Set down every line from the one containing "pretty high mouintains" through the last line of the records below, exactly as written, and leave out the pictures.

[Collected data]
== Segment start ==

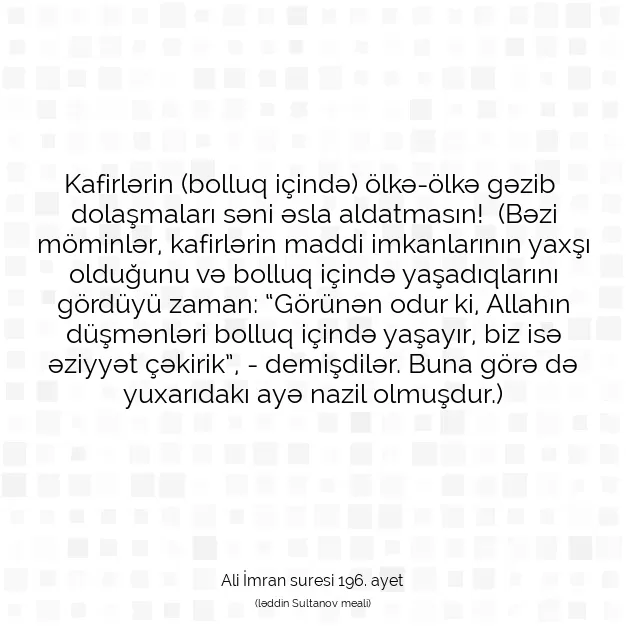 Ayetbul | Kuran Mealleri | Quran | Ali İmran suresi 196. ayet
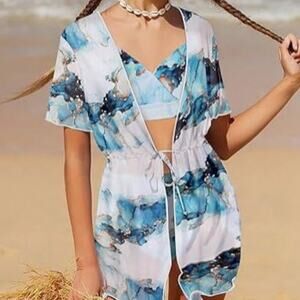 KANGKANG NWOT Teen Girl's size 15/16 Bikini/Coverup Set V Neck style Blue White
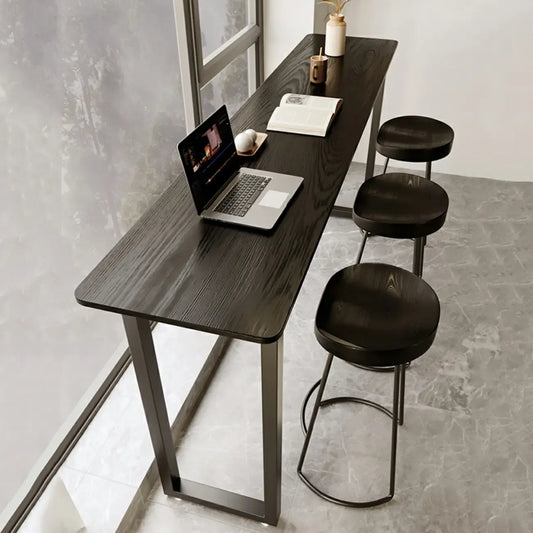 Élégante table de bar longue noire pour la maison et les cafés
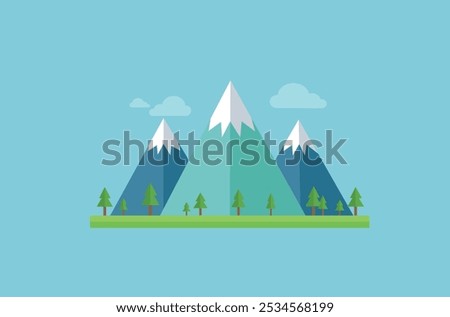 pretty high mouintains backround illustration
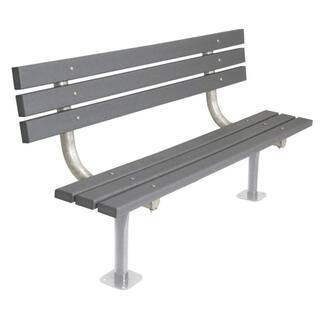 Ultra Play 6 ft. Gray Commercial Park Recycled Plastic Bench with Back Surface Mount G940SM-GRY6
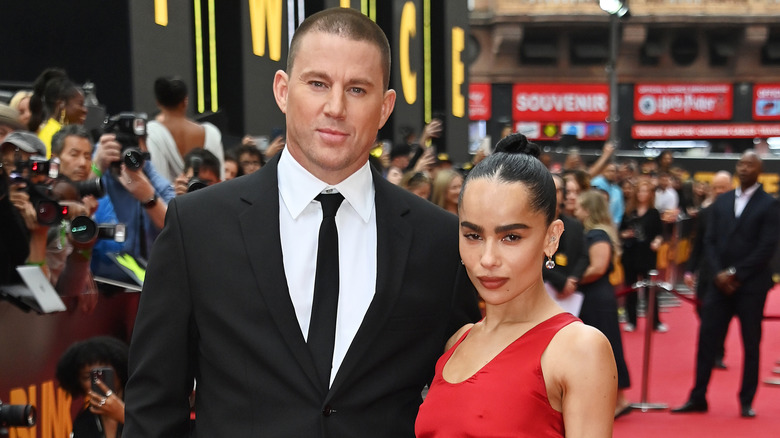 Channing Tatum and Zoe Kravitz posing on the red carpet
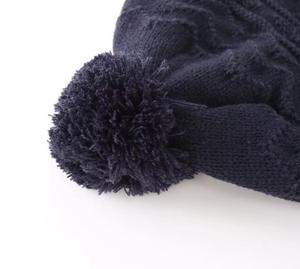 Chapeau d'hiver élégant unisexe en acrylique jacquard tricoté à la main, respirant, imperméable, avec cache-oreilles, bleu uni, pour enfants, pour l'extérieur - Product Image 2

== Segment end ==

Response
 pretty high mouintains backround illustration
 Ultra Play 6 ft. Gray Commercial Park Recycled Plastic Bench with Back Surface Mount G940SM-GRY6
 Channing Tatum and Zoe Kravitz posing on the red carpet
 Chapeau d'hiver élégant unisexe en acrylique jacquard tricoté à la main, respirant, imperméable, avec cache-oreilles, bleu uni, pour enfants, pour l'extérieur - Product Image 2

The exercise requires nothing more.